Thread: [HACKERS] Remove 1MB size limit in tsvector

[HACKERS] Remove 1MB size limit in tsvector

From
Ildus Kurbangaliev
Date:
Hello, hackers!

Historically tsvector type can't hold more than 1MB data.
I want to propose a patch that removes that limit.

That limit is created by 'pos' field from WordEntry, which have only
20 bits for storage.

In the proposed patch I removed this field and instead of it I keep
offsets only at each Nth item in WordEntry's array. Now I set N as 4,
because it gave best results in my benchmarks. It can be increased in
the future without affecting already saved data in database. Also
removing the field improves compression of tsvectors.

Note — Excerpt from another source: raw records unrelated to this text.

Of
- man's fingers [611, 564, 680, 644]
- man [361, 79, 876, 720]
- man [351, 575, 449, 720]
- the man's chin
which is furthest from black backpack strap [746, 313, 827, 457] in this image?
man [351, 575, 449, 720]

I simplified the code by creating functions that can be used to
build tsvectors. There were duplicated code fragments in places where
tsvector was built.

Also new patch frees some space in WordEntry that can be used to
save some additional information about saved words.

- 
---
Ildus Kurbangaliev
Postgres Professional: http://www.postgrespro.com
Russian Postgres Company

-- 
Sent via pgsql-hackers mailing list (pgsql-hackers@postgresql.org)
To make changes to your subscription:
http://www.postgresql.org/mailpref/pgsql-hackers

Attachment

Re: [HACKERS] Remove 1MB size limit in tsvector

From
Robert Haas
Date:
On Tue, Aug 1, 2017 at 10:08 AM, Ildus Kurbangaliev
<i.kurbangaliev@postgrespro.ru> wrote:
> Historically tsvector type can't hold more than 1MB data.
> I want to propose a patch that removes that limit.
>
> That limit is created by 'pos' field from WordEntry, which have only
> 20 bits for storage.
>
> In the proposed patch I removed this field and instead of it I keep
> offsets only at each Nth item in WordEntry's array.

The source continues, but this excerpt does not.